The life cycle of a technology may be decomposed into three phases[4]: construction, operation (including upstream fuel supply), and dismantling. At each phase, some energy forms and materials are usually consumed and/or released, and the production and/or disposal of these materials and energy forms itself require additional materials and energy, as sketched in Figure 2. For example, consider the construction phase of a coal power plant. The construction consumes cement, bricks, steel, etc., and also some fuels to operate the construction machinery. The production of each of these inputs (fuels and materials) itself consumes additional fuels and materials (represented by the top boxes in figure 2), and releases emissions and perhaps other substances (represented by the bottom boxes). Similar inputs apply to the operation and the dismantling of the plant.

Figure 2. The life cycle of a typical technology

4.1Modeling of materials in TIMES

As mentioned in subsection 3.1, TIMES in principle possesses the required features to represent the consumption (or release) of energy and materials during the entire life cycle of each technology and fuel, as well as the atmospheric emissions produced at each stage.
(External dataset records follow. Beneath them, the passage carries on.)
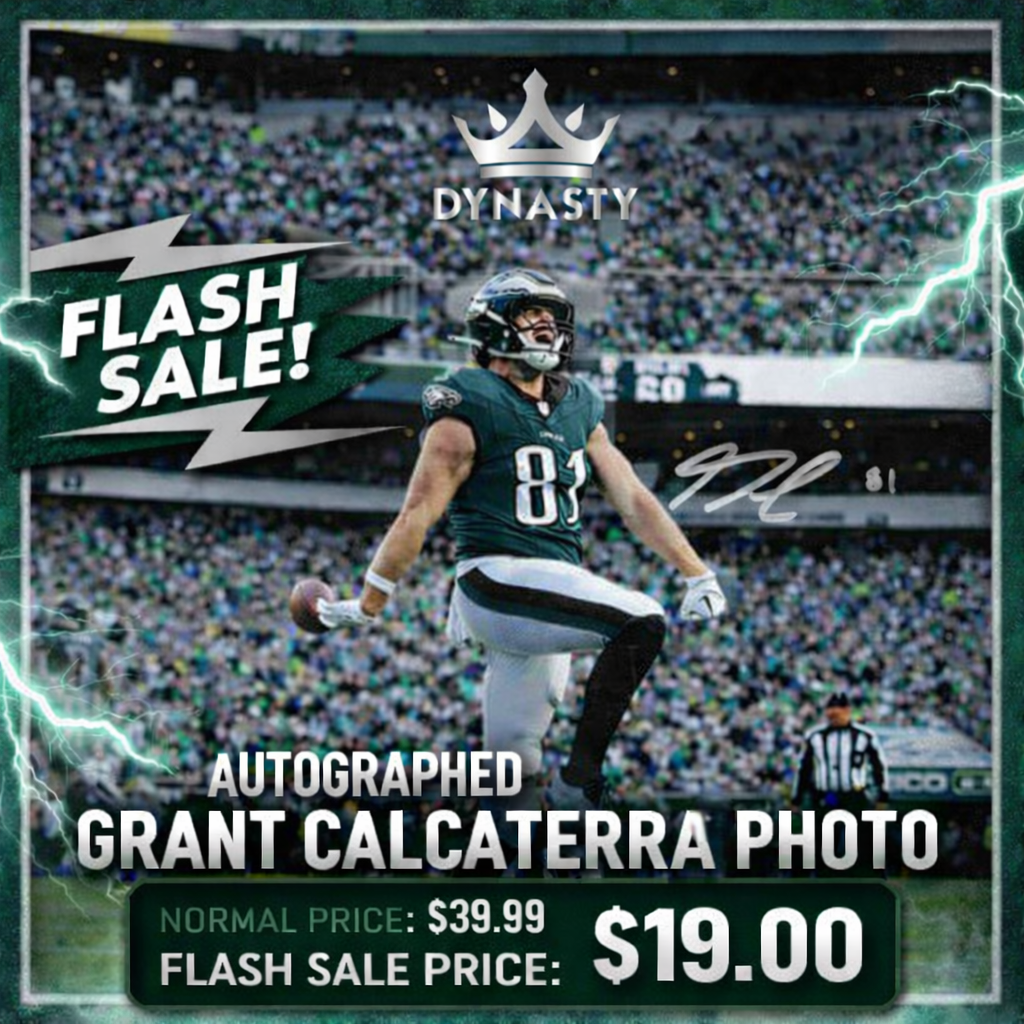 Grant Calcaterra First Touchdown Philadelphia Eagles Autographed 8" x 10" Football Photo - Sports Gifts, Sports Memorabilia, Sports Collectibles, Fan Shop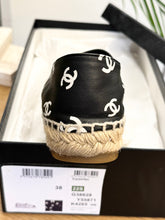 Load image into Gallery viewer, CHANEL 2023 Printed Crazy CC Logo Lambskin Espadrilles in Black/White - EU38
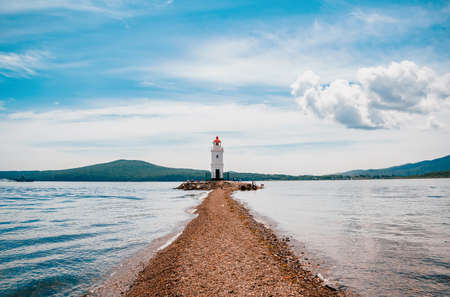 Lighthouse on Tokarevskaya Koshka cape in Vladivostok, Primorsky Krai, Russiaの写真素材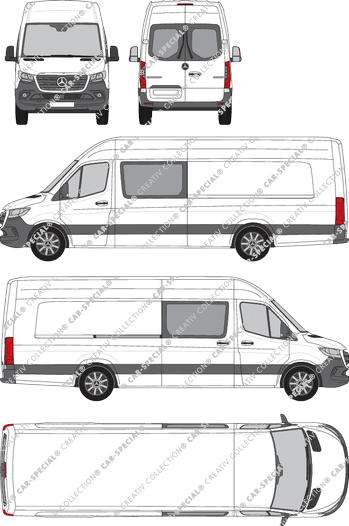 Mercedes-Benz Sprinter, RWD, furgone, tetto alto, extra long, vitre arrière, Doppelkabine, Rear Wing Doors, 1 Sliding Door (2018)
However, while TIMES is very detailed and complete with respect to representing energy production and use, it is not as complete in its representation of the production and use of materials. TIMES models the production of a restricted list of materials as indicated in Table 3. Furthermore, the use of these materials is specified as an exogenous TIMES demand category. It is not envisioned, within the scope of the NEEDS project, to tie the demands for materials to the endogenous consumption of materials by the TIMES technologies. To illustrate this last point, consider cement: in TIMES, the consumption of cement is specified by an exogenous demand for cement in the reference scenario. Although this cement demand may be altered by the model in alternate scenarios (due to the price elasticity of cement demand), it is not envisioned to directly tie the endogenous consumption of cement (due for instance to the construction of nuclear power plants) to the cement demand.